Exercise objective —
Write out again the lines from the line with "345 Crème Apaisante" up to and including the line with "Pumpkin Cinderella", exactly as they stand below, and skip any picture.

Data extracts —
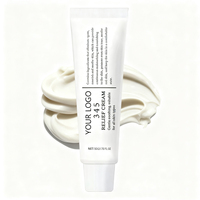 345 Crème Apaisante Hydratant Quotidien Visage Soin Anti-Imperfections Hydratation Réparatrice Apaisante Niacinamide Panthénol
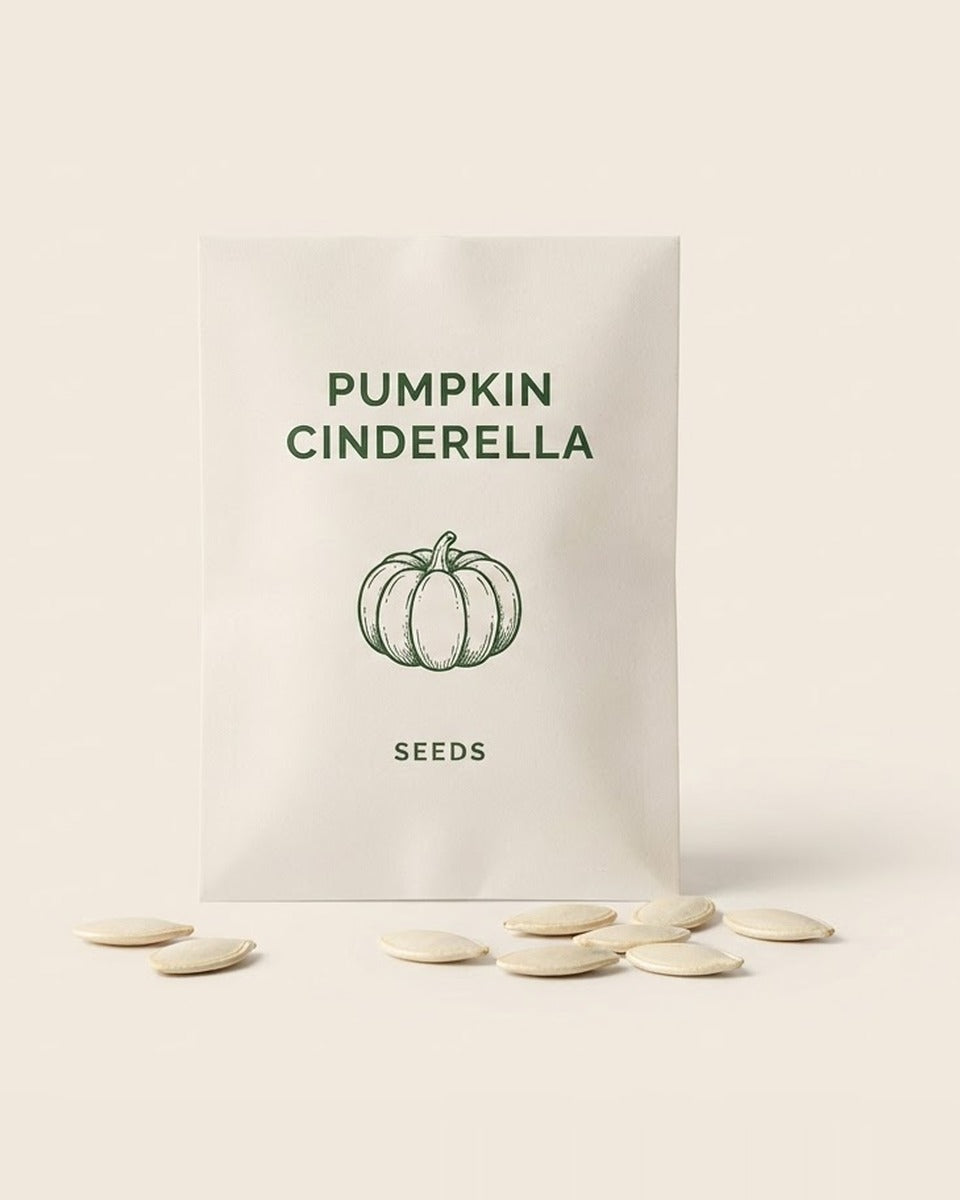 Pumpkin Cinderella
--
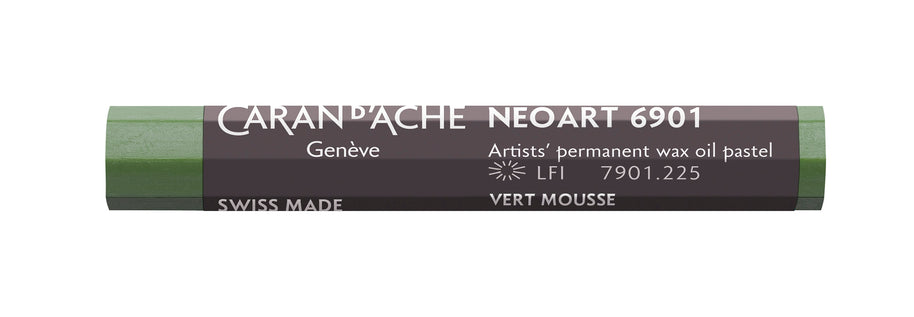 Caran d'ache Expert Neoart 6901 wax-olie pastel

Solution to the problem —
 345 Crème Apaisante Hydratant Quotidien Visage Soin Anti-Imperfections Hydratation Réparatrice Apaisante Niacinamide Panthénol
 Pumpkin Cinderella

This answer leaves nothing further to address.